● Task details:
Ignoring the pictures, copy the data exactly.

● Supplied information:
○ ○ ○

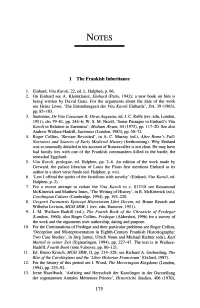1 the Frankish Inheritance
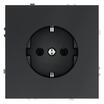 Розетка 1-м СП S70 16А с заземл. механизм графит Voltum VLS040107 - УПС инжиниринг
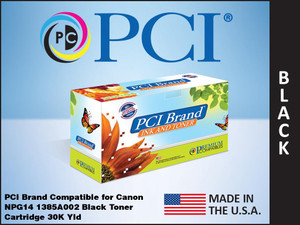 PCI Brand Canon 1385A002BA Black Toner Cartridge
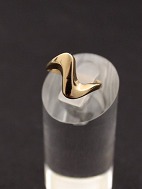 14 carat modern gold ring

○ ○ ○

● Response to the exercise:
1 the Frankish Inheritance
 Розетка 1-м СП S70 16А с заземл. механизм графит Voltum VLS040107 - УПС инжиниринг
 PCI Brand Canon 1385A002BA Black Toner Cartridge
 14 carat modern gold ring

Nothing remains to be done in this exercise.